Stored items:

┏━━

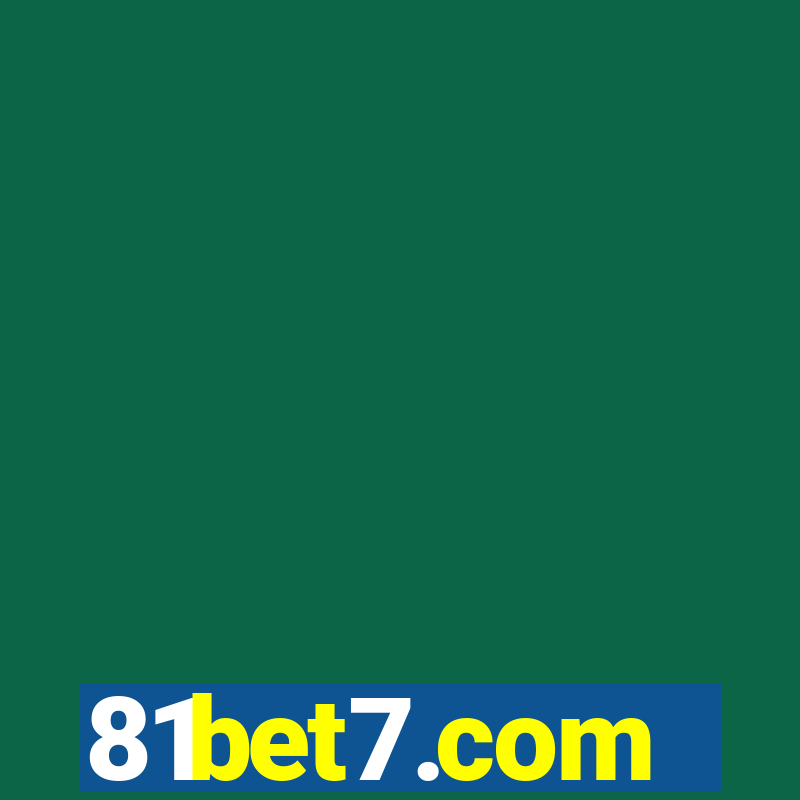 81bet7.com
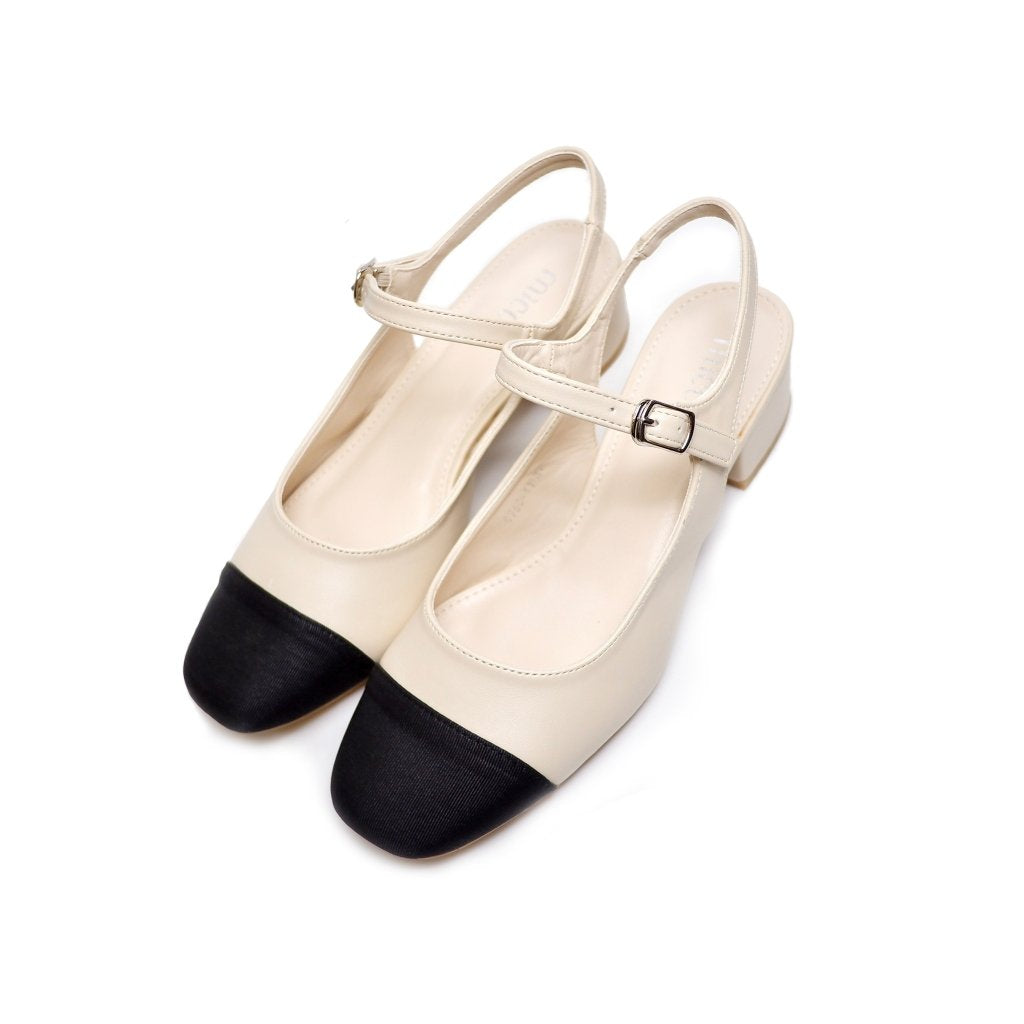 MICCO Slingback heeled pumps Model 6750-11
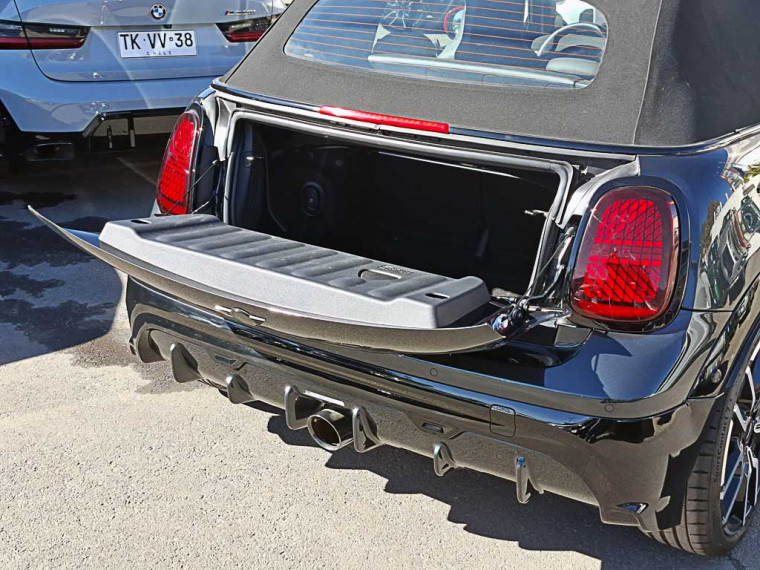 Mini Cooper Jcw Cabrio 2.0 2025 Usado  Usado en BMW Premium Selection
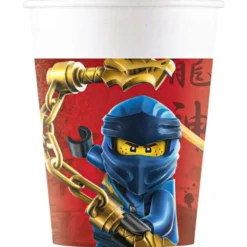 Lego Ninjago Pappersmuggar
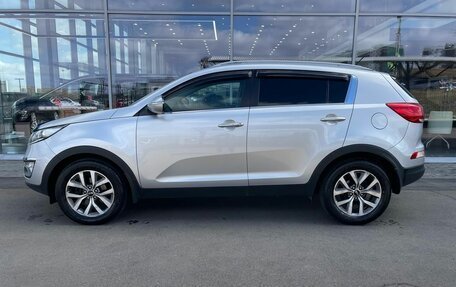 KIA Sportage III, 2014 год, 1 468 800 рублей, 8 фотография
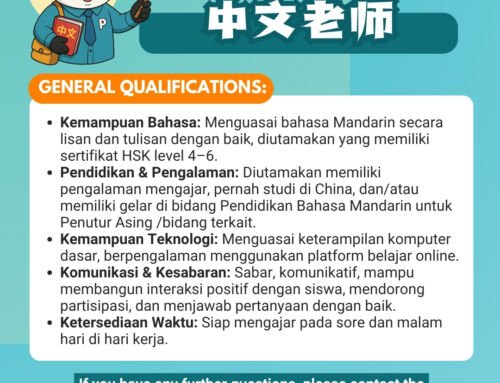 Mandarin Teacher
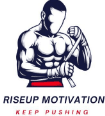 RiseUpMotivation profile logo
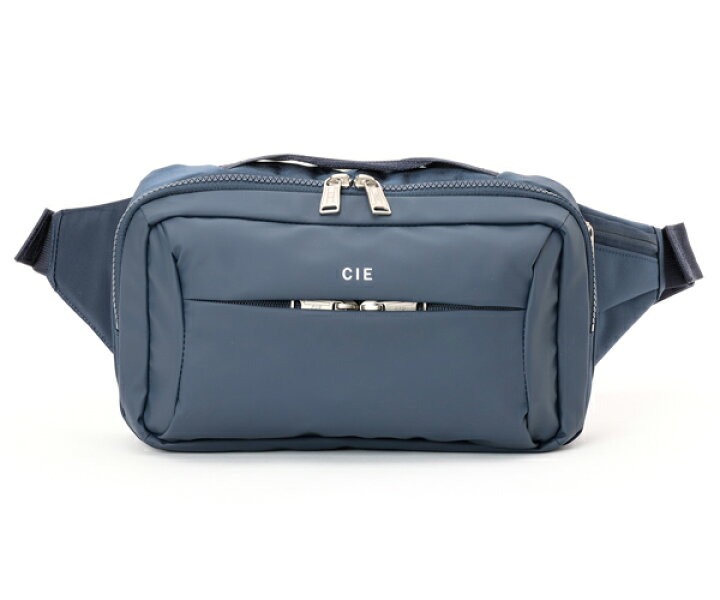 楽天市場】【選べるノベルティ付】 CIE シー リープ スリングバッグS 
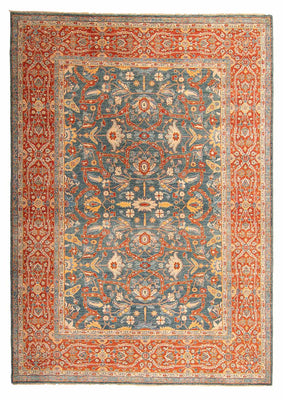 Ziegler Rug - 290 x 208 cm - light blue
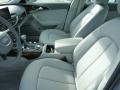 Quartz Gray Metallic - A6 2.0T quattro Sedan Photo No. 10
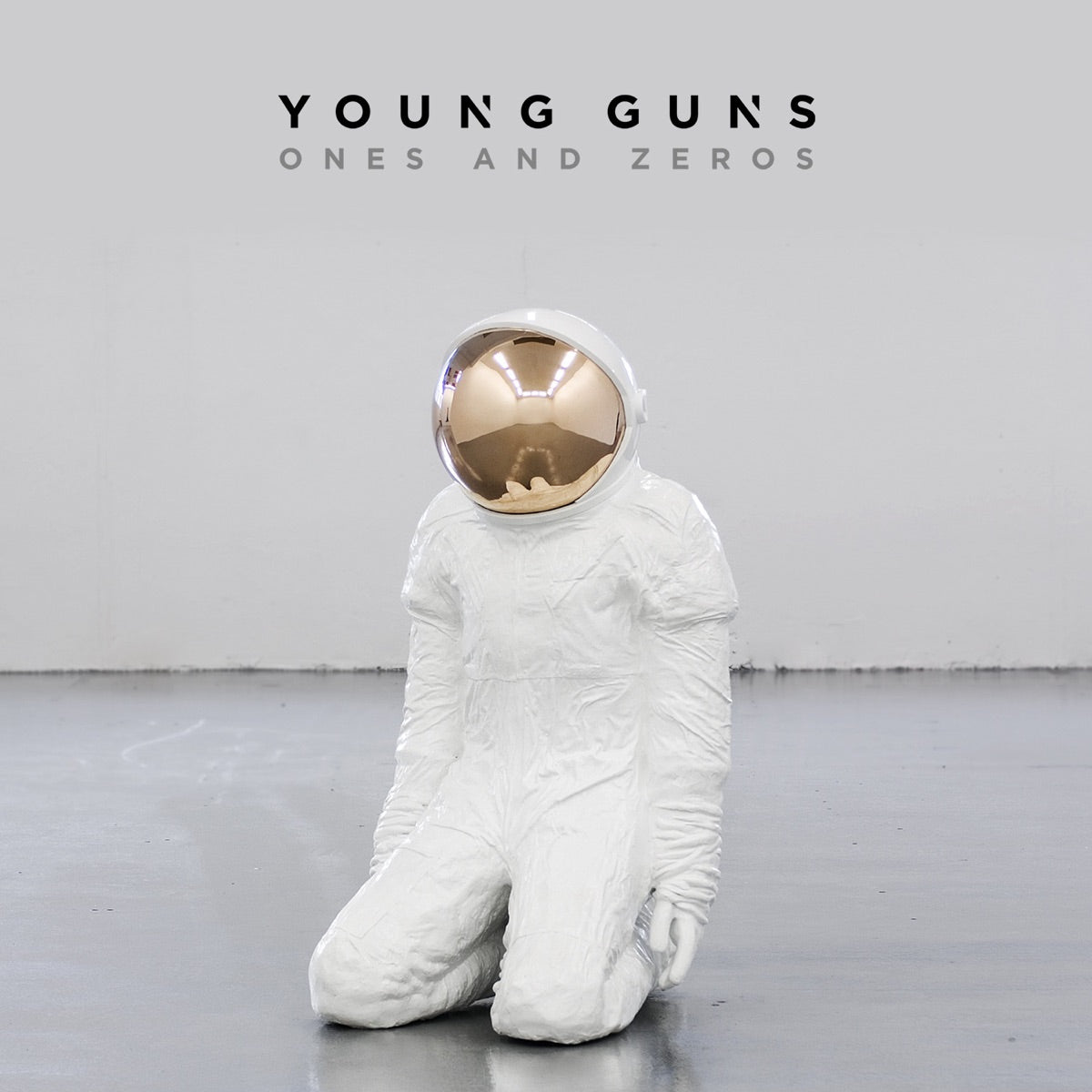 Young Guns | Ones and Zeros | CD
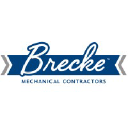 B G Brecke Mechanical Contractors Logo
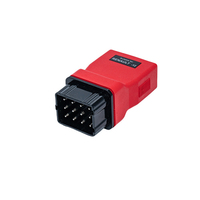 Cable Adaptador OBD para Renault 12, Puerto de Diagnóstico, X431, Escáner SAIC Buick Chevrolet Cadillac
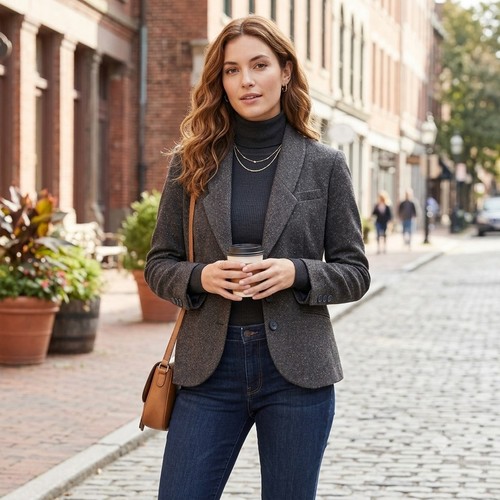 Pendleton blazer giacca - pendleton,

┗━━

What you are asked to do: All of the lines above must be repeated without alteration, though the pictures are to be excluded.

Answer to this exercise:
 81bet7.com
 MICCO Slingback heeled pumps Model 6750-11
 Mini Cooper Jcw Cabrio 2.0 2025 Usado  Usado en BMW Premium Selection
 Lego Ninjago Pappersmuggar
 KIA Sportage III, 2014 год, 1 468 800 рублей, 8 фотография
 Mandarin Teacher
 RiseUpMotivation profile logo
 楽天市場】【選べるノベルティ付】 CIE シー リープ スリングバッグS 
 Ziegler Rug - 290 x 208 cm - light blue
 Quartz Gray Metallic - A6 2.0T quattro Sedan Photo No. 10
 Young Guns | Ones and Zeros | CD
 B G Brecke Mechanical Contractors Logo
 Cable Adaptador OBD para Renault 12, Puerto de Diagnóstico, X431, Escáner SAIC Buick Chevrolet Cadillac
 Pendleton blazer giacca - pendleton,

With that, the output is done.